Friday, July 24, 2009

Trip to the Inner Me Part 2

Day two: Ekspektasi

Ketika kusadari bahwa dalam diriku ada dua kekuatan yang tengah bertarung satu sama lain, yang mana suara lembut itu terus mempersuasiku untuk mengampuni sementara ego-ku berkata: “ Mengampuni itu berarti tidak konsisten dengan kebiasaanku, karena koq bisa berubah dari benci menjadi mau berusaha menerima,” kepalaku tambah pusing.

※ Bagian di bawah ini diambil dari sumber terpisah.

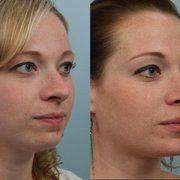best of Reconstructive Schenectady surgery facial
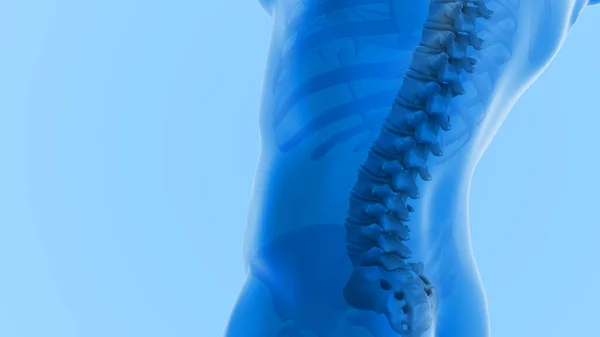 Medizinische Figur Mit Schmerzhafter Wirbelsäule — Stockfoto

Dan dengan mata yang kubuka sebentar, aku kembali menganalisa, apa sebetulnya yang terjadi. Banyak kali, konflik dengan orang lain itu ternyata bermula dari ekspektasi. Expectation. Banyak kali, aku berharap besar kepada orang lain, terhadap hidup, dan terhadap diriku sendiri. Dan ketika kenyataan berkata lain, itu yang menyebabkanku kecewa dan sulit menerima. Dan akhirnya memasuki relung kebencian dan tiada maaf bagi mereka atau bagi diriku sendiri. Masih dengan mata terbuka, aku hanya berpikir. Kalau ternyata, apa yang terbaik yang aku lakukan bagi orang lain, tidak memenuhi ekspektasinya, lalu membuatnya kecewa karena berpikir aku tidak cukup keras berusaha, kemudian menempatkan kebencian di hatinya terhadap diriku… Bagaimana perasaanku sendiri? Bagaimana kalau aku bertukar posisi dengan mereka yang kubenci? Bagaimana kalau aku adalah bagian dari kebencian dalam sekat kamar terkunci di hati mereka? Tidak enak juga, pikirku… Aku ingin segala sesuatunya baik adanya. Saling damai, saling mengasihi, tapi kalau aku sendiri tak mau (atau tak mampu?) membuka pintu hatiku, apa aku bisa menerima kalau orang lain melakukannya kepadaku???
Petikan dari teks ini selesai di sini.